You are viewing a plain text version of this content. The canonical link for it is here.
Posted to dev@madlib.apache.org by GitBox <gi...@apache.org> on 2020/12/18 18:39:58 UTC

[GitHub] [madlib] reductionista opened a new pull request #526: dl/automl encapsulation

reductionista opened a new pull request #526:
URL: https://github.com/apache/madlib/pull/526


   Following the principal of encapsulation, AutoML should keep track of its own temporary table names, instead of relying on assumptions about where they will be stored internally to the FitMultipleModel class.
   
   These changes allow it to co-exist with the Model Hopper refactor (but are independent from that PR), and should help make AutoML more robust to any future changes we make inside FitMultipleModel.

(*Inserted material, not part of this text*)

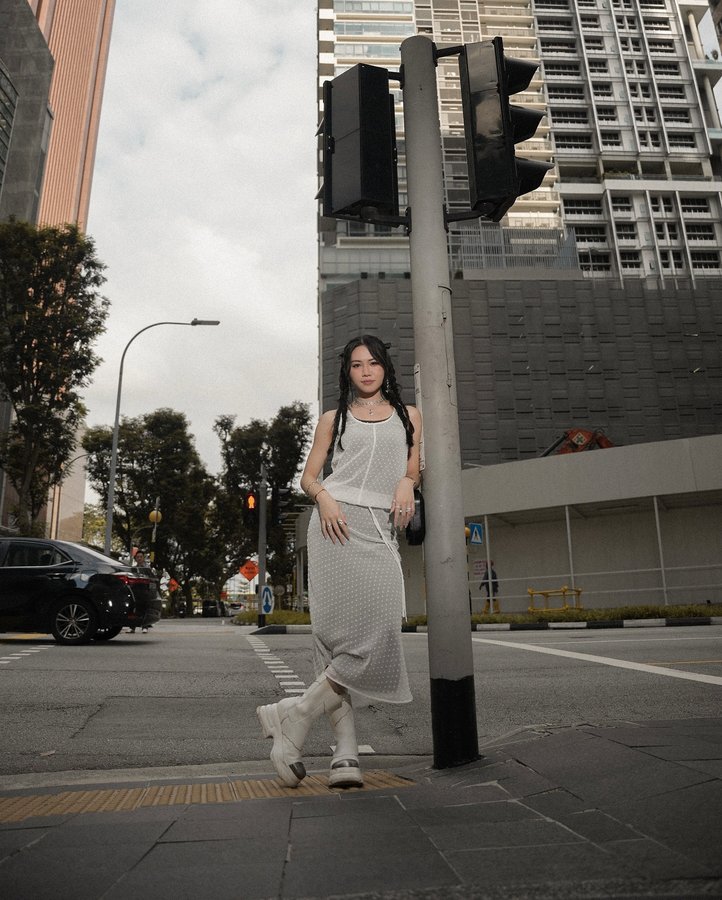 Instagram post by @kyemilktea for H&M. Caption reads: [...] out in style with @hm’s Summer Asian Capsule....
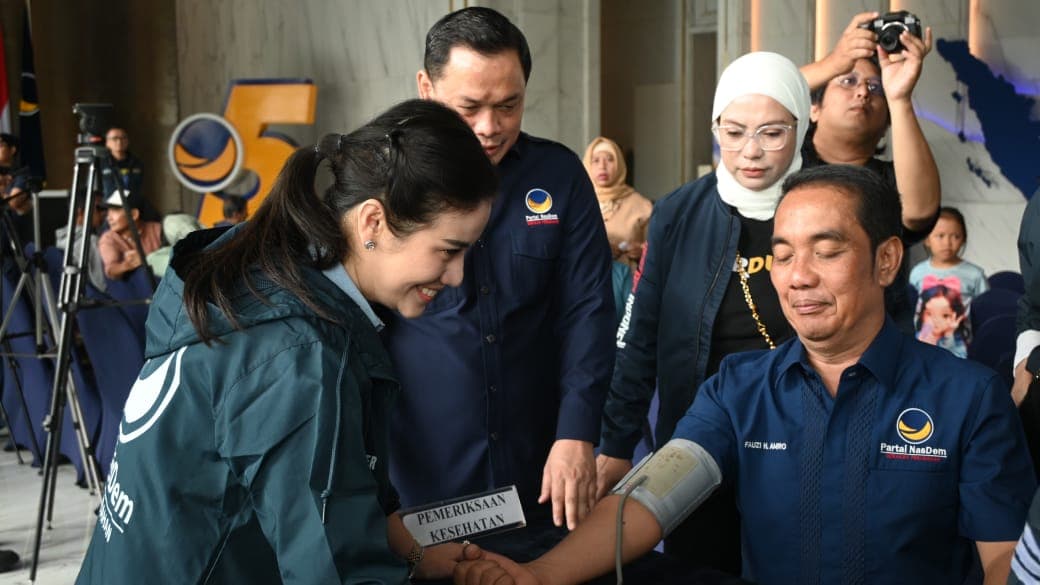 Diabetes hingga Kolesterol Mulai Serang Usia Muda, NasDem Gelar Cek Kesehatan Gratis untuk Warga - Image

----------------------------------------------------------------
This is an automated message from the Apache Git Service.
To respond to the message, please log on to GitHub and use the
URL above to go to the specific comment.

For queries about this service, please contact Infrastructure at:
users@infra.apache.org



[GitHub] [madlib] reductionista merged pull request #526: DL: AutoML encapsulation

Posted by GitBox <gi...@apache.org>.
reductionista merged pull request #526:
URL: https://github.com/apache/madlib/pull/526


   


----------------------------------------------------------------
This is an automated message from the Apache Git Service.
To respond to the message, please log on to GitHub and use the
URL above to go to the specific comment.

For queries about this service, please contact Infrastructure at:
users@infra.apache.org



[GitHub] [madlib] reductionista commented on a change in pull request #526: DL: AutoML encapsulation

Posted by GitBox <gi...@apache.org>.
reductionista commented on a change in pull request #526:
URL: https://github.com/apache/madlib/pull/526#discussion_r554205538



##########
File path: src/ports/postgres/modules/deep_learning/madlib_keras_automl.py_in
##########
@@ -172,45 +174,38 @@ class KerasAutoML(object):
         random_state = 'NULL' if self.random_state is None else '$MAD${0}$MAD$'.format(self.random_state)
         validation_table = 'NULL' if self.validation_table is None else '$MAD${0}$MAD$'.format(self.validation_table)
 
-        create_query = plpy.prepare("""
+        create_query = """
                 CREATE TABLE {self.model_summary_table} AS
                 SELECT
                     $MAD${self.source_table}$MAD$::TEXT AS source_table,
                     {validation_table}::TEXT AS validation_table,
                     $MAD${self.model_output_table}$MAD$::TEXT AS model,
                     $MAD${self.model_info_table}$MAD$::TEXT AS model_info,
-                    (SELECT dependent_varname FROM {model_training.model_summary_table})
-                    AS dependent_varname,
-                    (SELECT independent_varname FROM {model_training.model_summary_table})
-                    AS independent_varname,
+                    (SELECT dependent_varname FROM {a.MODEL_SUMMARY_TABLE})

Review comment:
       My intention with this PR was to try to avoid as much as possible having AutoML depend on the names and meanings of internal class variables in FitMultiple.  In the case of the model output table, there were multiple different table names inside this class, and while refactoring they changed around.  So the motivation was mainly to avoid the headache that resulted from having to go through and modify all the references to those variables in AutoML again, if they change in the future.
   
   The name of the model output table is chosen by AutoML rather than by FitMultiple, so there was a strong case for having AutoML manage that one.  For the summary table, I agree that the case is weaker... since the name is not entirely chosen by AutoML... the _summary prefix is appended to whatever AutoML chooses by FitMultiple.
   
   I considered leaving that one as-is, but decided it seems better to have AutoML add the _summary itself for a couple reasons:  first, if we do change anything in the future in FitMultiple, it's much more likely to be the class variable name that changes than the convention of adding '_summary', since that is part of the user-facing API:  user specifies what the output table name is, and they should expect _summary to be appended as described in the docs.  AutoML is using FitMultiple in a way similar to how a user would... so it will only break if we break backwards compatibility for the user... but won't break if we refactor the code inside FitMultiple.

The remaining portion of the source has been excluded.